Background: An unmet medical need remains in patients (pts) with HER2+ gastric or GEJ cancer. HER2 is a validated target in up to 20% of pts with gastric or GEJ cancer. The KEYNOTE-811 trial demonstrated that adding pembro to trastuzumab and chemo improved progression-free survival (PFS) and overall survival (OS) versus placebo for first-line treatment of pts with HER2+ gastric or GEJ cancer with a PD-L1 combined positive score (CPS) ≥1 (Janjigian Y et al.

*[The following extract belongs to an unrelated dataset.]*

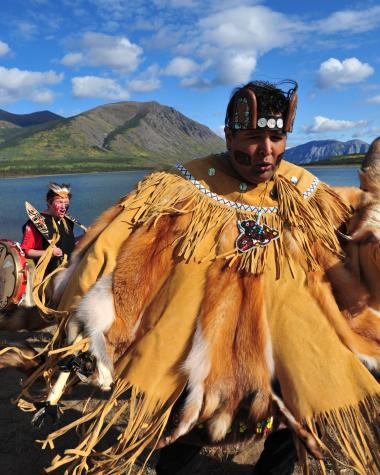Dancers perform in regalia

N Engl J Med. 391;1360:2024). In the DESTINY-Gastric03 trial, first-line combinations involving T-DXd, a HER2-directed antibody-drug conjugate, and fluoropyrimidine (5-FU or capecitabine [CAPE]) ± pembro showed acceptable safety and encouraging efficacy in pts with HER2+ gastric or GEJ cancer, including pts with CPS < 1 (Janjigian Y et al.
Ann Oncol. 35;S878:2024). Building on this evidence, the phase 3 DESTINY-Gastric05 trial aims to bring a potentially improved platinum-free treatment approach for all pts with HER2+ gastric or GEJ cancer.

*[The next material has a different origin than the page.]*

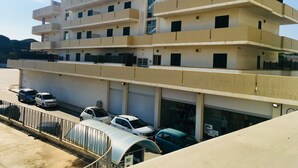 Un edificio de varios pisos con un estacionamiento al frente.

Methods: DESTINY-Gastric05 (NCT06731478) is an open-label, randomized, multicenter, phase 3 global trial designed to evaluate the efficacy and safety of T-DXd in combination with 5-FU (or CAPE) + pembro versus standard-of-care chemo with trastuzumab + pembro as first-line treatment in pts with unresectable, locally advanced or metastatic centrally confirmed HER2+ (immunohistochemistry [IHC] 3+ or IHC 2+/in situ hybridization+) gastric or GEJ cancer with a CPS ≥1. Pts must have ≥1 RECIST v1.1 measurable lesion, a left ventricular ejection fraction ≥50%, and an Eastern Cooperative Oncology Group performance status of 0 or 1. Approximately 576 pts will be randomly assigned in a 1:1 ratio to receive: T-DXd 5.4 mg/kg + either 5-FU or CAPE + pembro (arm M1); or trastuzumab + platinum-based chemo (either cisplatin + 5-FU or oxaliplatin + CAPE) + pembro (arm M2). The primary efficacy endpoint is PFS based on blinded independent central review (BICR), and the key secondary endpoint is OS. Other secondary endpoints include overall response rate, duration of response, and time to response per RECIST v1.1 assessed by BICR and investigator. Safety and tolerability will also be assessed. An exploratory cohort (approximately 150 pts) will evaluate the efficacy and safety of T-DXd in combination with 5-FU or CAPE versus trastuzumab plus standard‑of-care chemo in pts with PD-L1 CPS < 1.